4Vanderbilt University School of Medicine
Through the use of big data analytics, the Vanderbilt University School of Medicine conducts research to identify the genetic basis of diseases and drug response. The university implemented a big data platform from IBM, including PureSystems and PureData Systems for analytics, which has enabled clinicians to cut research timelines from nearly a year to a few weeks to help accelerate the pace of discovery and, ultimately, improve patient health.
5ULSS 20 Verona
Unità Locale Socio Sanitaria 20 Verona (ULSS 20 Verona), a public health care provider in Verona, Italy, serves more than 400,000 people across 36 municipalities. The company improved its ability to deliver quality care by transforming their infrastructure with IBM Flex System x240, providing always-on access to critical medical data.
6German Health Insurance
Wissenschaftliches Institut der AOK (WIdO) is the research institute of AOK, Germany’s largest statutory health insurance fund. WIdO collects and analyzes clinical data from millions of patients, 2,000 hospitals, 140,000 mobile medics and 20,000 pharmacies. System x3850 X5 servers for big data analysis have helped shorten analysis times, enable the processing of more complex analytical tasks and expand the institute’s reach in multidisciplinary, geographically broad studies.
7Soon Chun Hyang University Hospital
Soon Chun Hyang University Hospital (SCHUH) in South Korea wanted to make X-ray and MRI scans available to physicians more quickly. To achieve this, the hospital implemented an integrated medical records system, powered by System x3650 M3 servers. Today, the hospital prepares scan data for physicians 95 percent faster, and all medical records, MRI scans and payment systems are hosted at a single data center.
8The Medical University of South Carolina
The Medical University of South Carolina (MUSC) implemented IBM System x3850 X5 and IBM BladeCenter HX5 servers to support its financial and clinical transaction environment and virtualization efforts. The System x implementation allows MUSC to scale as needed as the university grows, while continuing to provide enhanced patient care through real-time information access.
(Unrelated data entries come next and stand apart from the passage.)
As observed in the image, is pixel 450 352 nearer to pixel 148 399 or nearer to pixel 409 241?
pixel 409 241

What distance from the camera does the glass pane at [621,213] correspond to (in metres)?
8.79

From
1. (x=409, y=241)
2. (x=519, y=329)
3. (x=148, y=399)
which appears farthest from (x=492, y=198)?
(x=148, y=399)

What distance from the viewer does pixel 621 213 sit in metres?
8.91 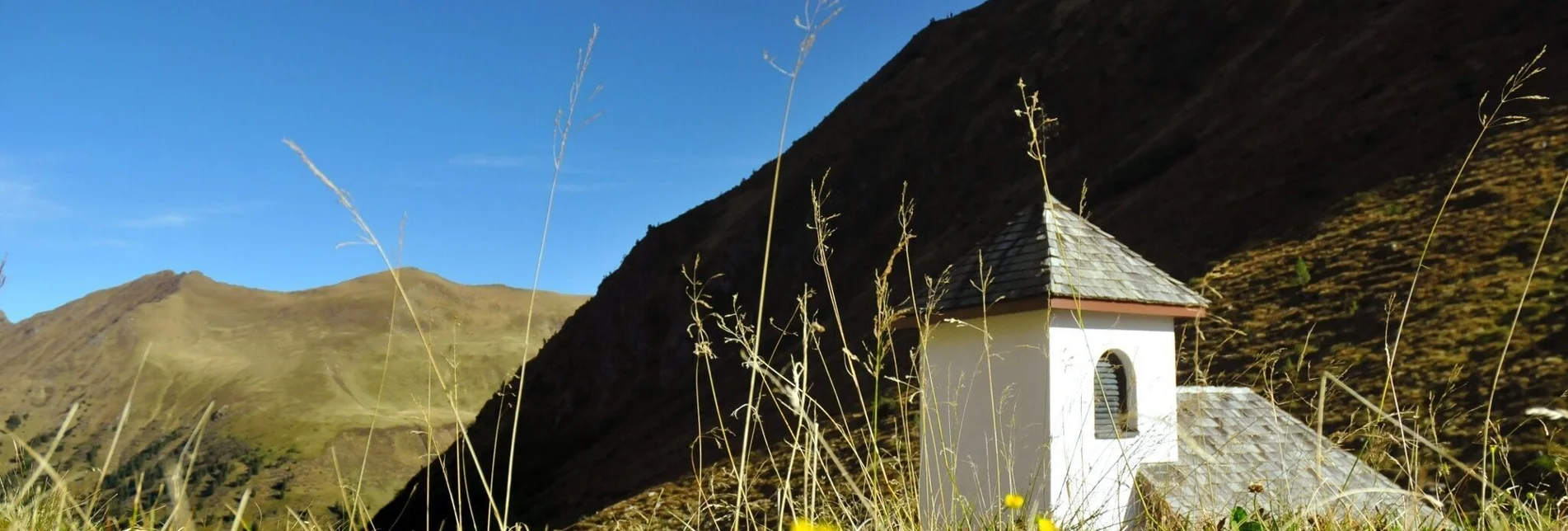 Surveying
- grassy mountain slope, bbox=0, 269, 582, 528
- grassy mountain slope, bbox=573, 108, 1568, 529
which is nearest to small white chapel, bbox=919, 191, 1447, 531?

9Dutch Health Care Provider
Dutch health care provider HagaZiekenhuis (Haga) needed to replace its aging IT infrastructure, so they acquired a virtualized, mirrored technology based on IBM System x3650 M3, x3850 X5 and Power 750 Systems server and IBM storage technology, which has cut maintenance costs by 20 percent and floor space requirements by 40 percent. The hospital no longer experiences unplanned outages and handles a 300 percent growth in transaction volumes.
10Inland Northwest Health Services
IBM System x3850 and x3650 servers have helped Inland Northwest Health Services (INHS) improve its cloud-based electronic health record services for 40 hospitals and 750 physicians. With nearly 95 percent of INHS’ 1,200 servers now virtualized, IBM’s comprehensive data center technology has doubled end-user performance, reduced physical space requirements by 28 percent and increased storage capacity.